Bit­coin’s role in money laun­der­ing and other il­le­gal ac­tiv­ity is a con­stant source of volatil­ity. The cur­rency fell to $183 in Jan­uary 2015 fol­low­ing a slew of prob­lems, in­clud­ing the col­lapse of Mt. Gox, once the world’s largest bit­coin ex­change. Mark Karpelès, for­mer chief ex­ec­u­tive of­fi­cer of Mt. Gox and a Bit­coin Foun­da­tion di­rec­tor, was ar­rested in Tokyo and charged with em­bez­zle­ment in Septem­ber. Karpelès didn’t re­spond to a re­quest for com­ment. For­mer foun­da­tion Vice Chair­man Char­lie Shrem is serv­ing two years in fed­eral prison, hav­ing pleaded guilty to help­ing laun­der money through Silk Road, an on­line black mar­ket, in 2014.

“I don’t know if the foun­da­tion has a fu­ture,” says Gavin An­dresen, a for­mer board mem­ber who now holds the ti­tle of chief sci­en­tist at the foun­da­tion. “The il­le­gal be­hav­ior of two of the foun­da­tion’s for­mer board mem­bers de­stroyed a lot of trust.” Fen­ton, the ex­ec­u­tive di­rec­tor, ac­knowl­edges, “There were a lot of bad de­ci­sions and a lot of lost money,” but he says his ad­min­is­tra­tion wasn’t re­spon­si­ble. (He started in April.)

Harper says the burst­ing of the bit­coin bub­ble had led the or­ga­ni­za­tion to mod­er­ate its am­bi­tions by about the time Shrem ad­mit­ted guilt. “I hired lob­by­ing in Brussels in 2014, and then we scaled it right back be­cause the money was gone,” he says. The foun­da­tion says it’s cut its an­nual bud­get by 95 per­cent in the past two years, to about $100,000. It now fo­cuses on pro­vid­ing tech­ni­cal de­vel­op­ment and for a while gave up lob­by­ing en­tirely. The or­ga­ni­za­tion “thrived while the bit­coin price was ris­ing, so it never put a plan in place to sus­tain it,” says Harper.

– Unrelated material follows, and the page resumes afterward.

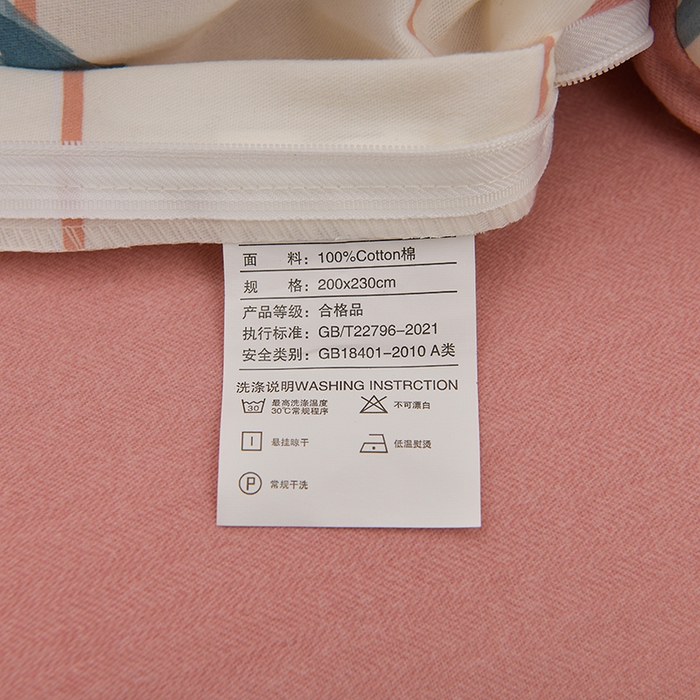 91家纺网 家纺一手货源 找家纺 董成龙 2026新款直播爆款加厚全棉活性磨毛四件套纯棉三件套 梦馨-粉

Not ev­ery­one is shy­ing away from bit­coin, which per­formed well in 2015. IBM, Nasdaq, and the big­gest banks are ex­per­i­ment­ing with the un­der­ly­ing tech­nol­ogy, known as blockchain, for use in stock is­suances, money trans­fers, and other trans­ac­tions. Ven­ture cap­i­tal firms have in­vested more than $1 bil­lion in bit­coin-re­lated star­tups since 2009, ac­cord­ing to re­search from dig­i­tal cur­rency an­a­lyst Coin­Desk. Trade groups such as the Cham­ber of Dig­i­tal Commerce and the year-old Coin Cen­ter are pick­ing up some of the Bit­coin Foun­da­tion’s lob­by­ing slack. Roger Ver, an an­gel in­vestor known as Bit­coin Je­sus who helped fund the Bit­coin Foun­da­tion in the early days, says, “The mis­sion will carry on.”

For now, the Bit­coin Foun­da­tion is press­ing on, too, try­ing to re­stock its cof­fers—but with­out some of the dis­senters who spoke up on Dec. 15. Harper has agreed to step down, and the other direc­tors have re­moved Janssens. At the meet­ing, Di­rec­tor Bobby Lee said, “If some­one does not want to be on that ship, they should step off.”

The bot­tom line The long­time bit­coin lob­by­ing leader, its for­tunes closely tied to the cur­rency’s tra­vails, has about $12,000 in as­sets.